Your goal –
Among the entries below, which lines run from the line with "New Photo 2" through the line with "Party Decoration 12PCS"? Retype those, both ends included, exactly and without pictures.

Data for processing –

· · · · · · ·

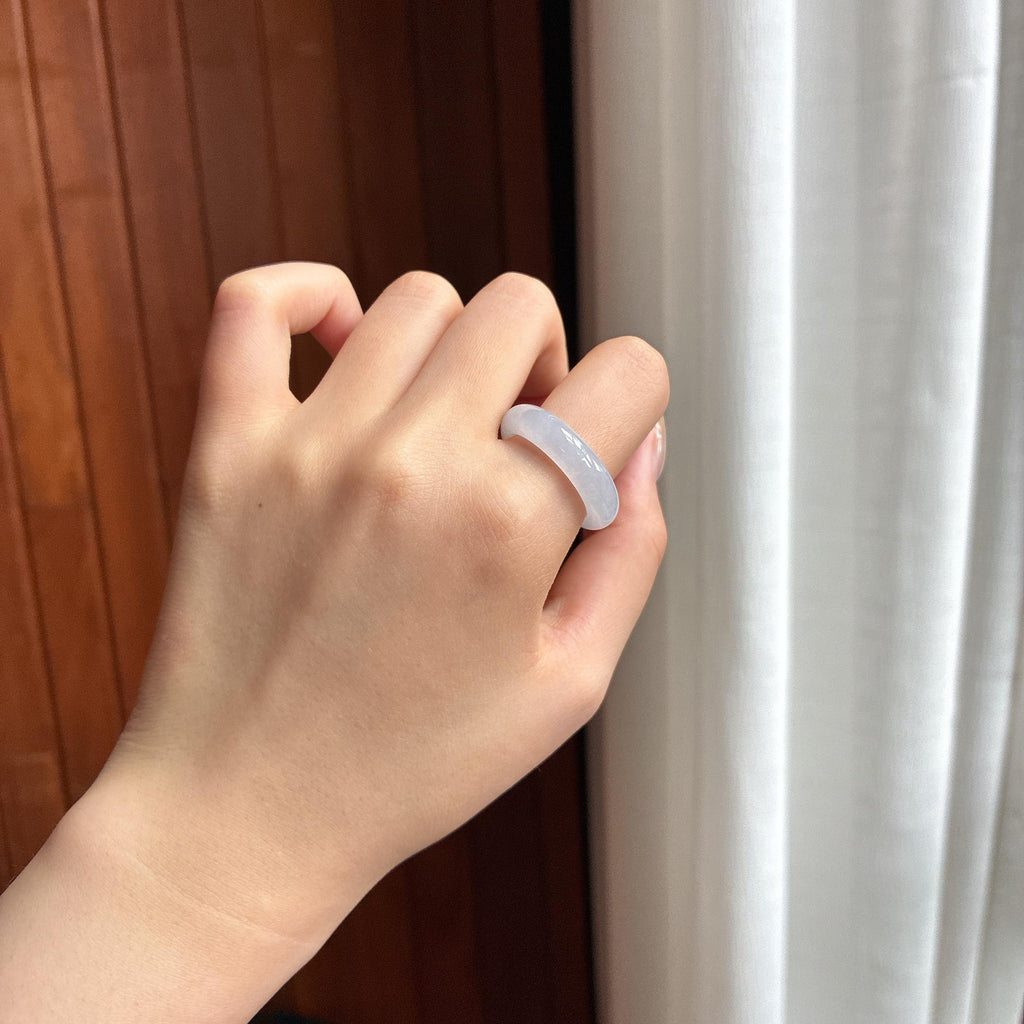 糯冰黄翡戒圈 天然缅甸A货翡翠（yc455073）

· · · · · · ·

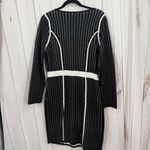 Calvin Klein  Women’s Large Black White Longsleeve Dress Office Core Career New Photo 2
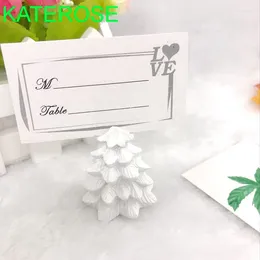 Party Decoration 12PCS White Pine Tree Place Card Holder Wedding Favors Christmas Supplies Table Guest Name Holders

· · · · · · ·

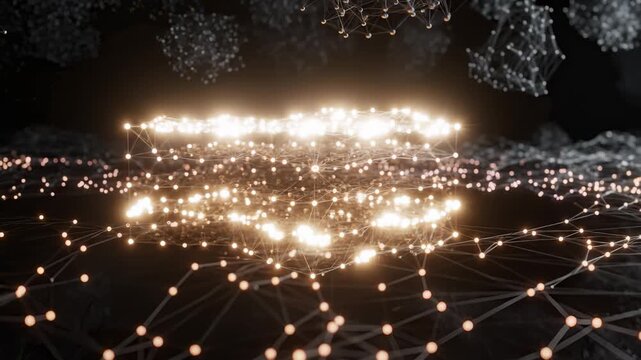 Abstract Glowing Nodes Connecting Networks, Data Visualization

· · · · · · ·

Answer section –
 Calvin Klein  Women’s Large Black White Longsleeve Dress Office Core Career New Photo 2
 Party Decoration 12PCS White Pine Tree Place Card Holder Wedding Favors Christmas Supplies Table Guest Name Holders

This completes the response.